– Сладкий мой малыш. – Он еще приблизился. – Ты и близко не знаешь, каким гадким я могу быть.
– Мне вроде положено любить боль, – сказала женщина, кружа вокруг Вакса. Их «танец» продолжался: Вакс старался держаться достаточно далеко, чтобы не пропустить удара, но не настолько, чтобы позволить ей отскочить и поднять скоростной пузырь. – Этого я о нем не знала. Только недавно поняла. В тоннеле. Он любит боль. Значит, и я должна. Упиваться страхом. Наслаждаться муками.
Вакс промолчал, выдерживая нужную дистанцию.
– Знаешь почему? – Женщина сделала ложный выпад, и Вакс отскочил. – Я тоже поначалу не знала. А как узнала, то ошалела! С виду и не скажешь. Но чем больше я задумывалась, тем логичнее это казалось. Он наверняка любит боль. Иначе давно бы свел счеты с жизнью. Другие варианты кажутся совсем невероятными.
Она бросилась на Вакса, вынудив отпрыгнуть чуть дальше необходимого. Женщина тут же метнулась в противоположном направлении, перекатилась по полу и превратилась в пятно. Вакс выругался и продолжил отступать, заметив краем глаза кое-что, способное помочь в отступлении. Секунду спустя он встретился спиной с Уэйном.
– Ну как оно? – спросил Уэйн.
– Могло быть лучше, – ответил Вакс.
– Согласен, – буркнул Уэйн и поднял вокруг них свой пузырь. – Хочешь попробовать что-нибудь новенькое? Устроить встряску? – Он покрутил пальцами дуэльную трость.
– Не откажусь.
Уэйн подкинул трость, а Вакс бросил ему Виндикацию, заряженную алюминиевыми пулями.
– Туманными не стреляй, – посоветовал Вакс, ловя трость. – Их переключает крючок наверху.
Пузырь исчез, и Вакс схлестнулся с Гетрудой на тростях. Дерево затрещало почти так же громко, как Виндикация, когда Уэйн выпустил несколько пуль в Думада.
Вакс улыбнулся, услышав этот звук. В каком-то смысле глупо было радоваться, что твой друг стреляет из пистолета. Но тут важно было не само действие. А то, что душевные раны Уэйна наконец затянулись.

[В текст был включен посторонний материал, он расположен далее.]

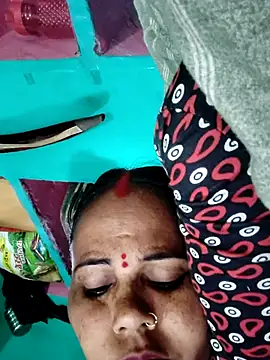 Pooja750 online show from 2, 3, 2026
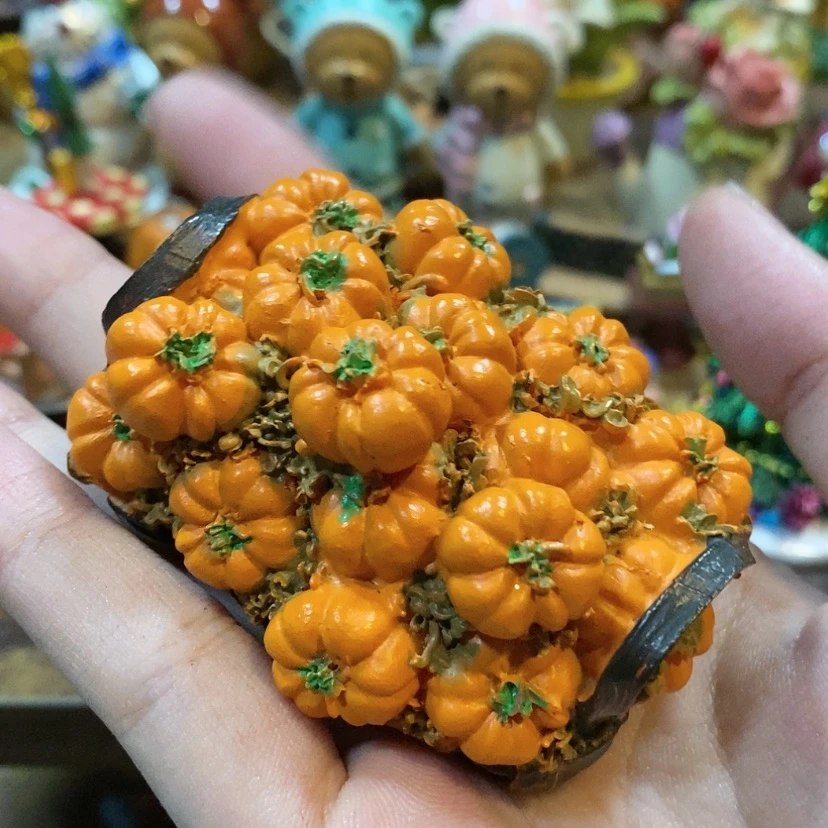 【闪购商品】树脂树脂等材料的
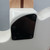 Used Fender JIM ROOT TELECASER W/OSHC T Type Electric Guitar White 6-String 40081-S000114634 View 9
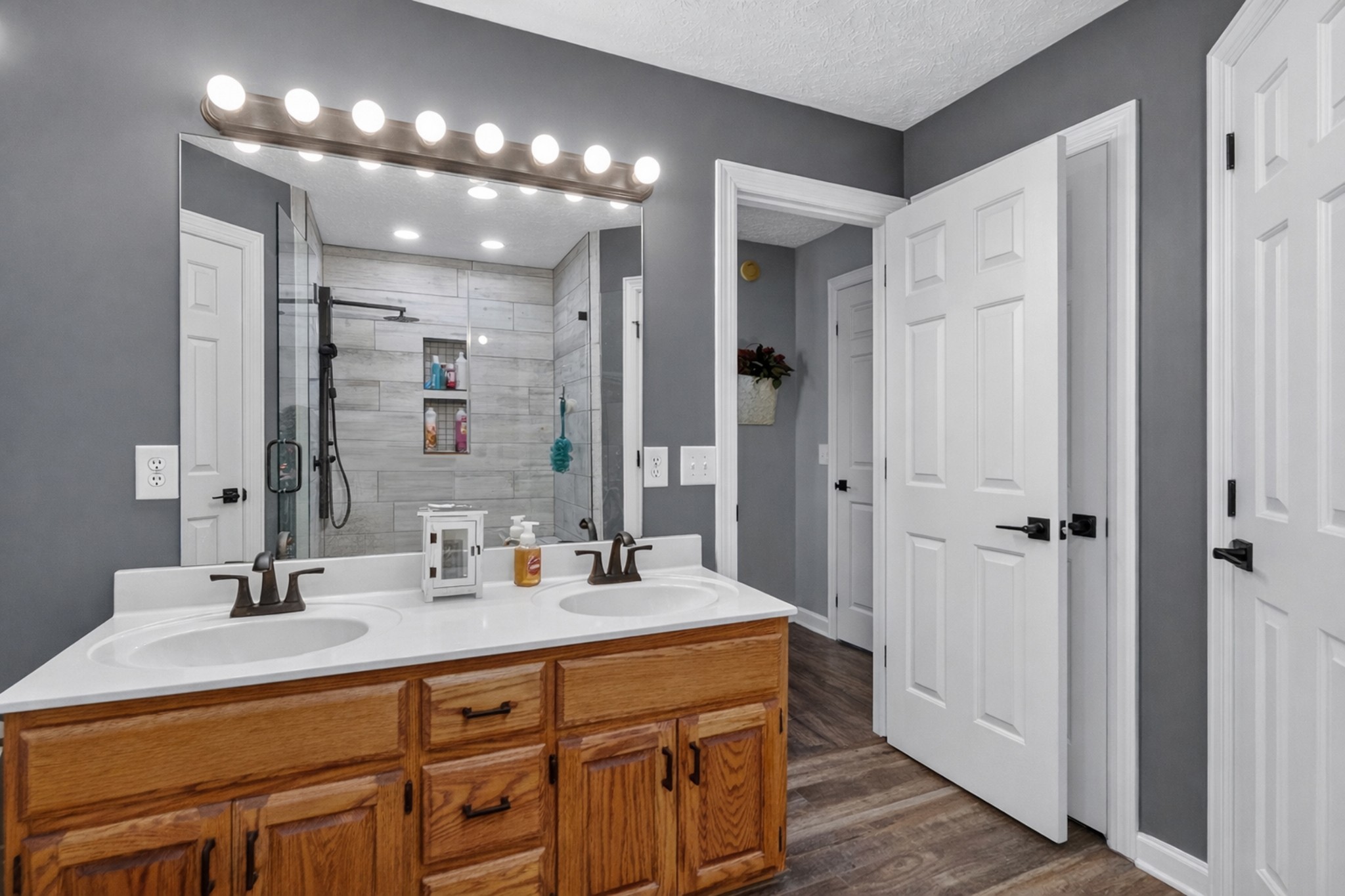104 Grassmere Court Portland TN 37148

Вакс отразил серию ударов тростью. Противница была мастеровитее его в рукопашной, но внезапная перемена тактики смутила ее. Она приняла более защитную стойку, и Ваксу даже удалось перейти из обороны в атаку, ударив женщину в бедро. Он искал место, где под кожу была вшита метапамять – для того, чтобы на нее не могли повлиять алломанты.
«Не в бедрах», – сделал вывод Вакс, ударив по другой ноге. Женщину, как и Уэйна, такие удары не тревожили. Да, в ее глазах читалась боль, но улыбка становилась только шире. Однако в ней не было заметно той эйфории, в которую впадали люди, действительно любившие боль. Она пыталась силой заставить себя думать так, как, по ее мнению, думал Уэйн.
В некотором смысле это пугало гораздо сильнее.
Наконец она перешла к более агрессивным атакам, и Вакс, получив удар в бок, от которого, кажется, треснуло ребро, был вынужден отступить. Рука еще болела от попадания шрапнели и, ржавь… он начал уставать.
Поэтому, когда Уэйн снова оказался рядом, Вакс вернул ему трость и поймал обратно Виндикацию. Уэйн расстрелял все патроны, кроме туманных.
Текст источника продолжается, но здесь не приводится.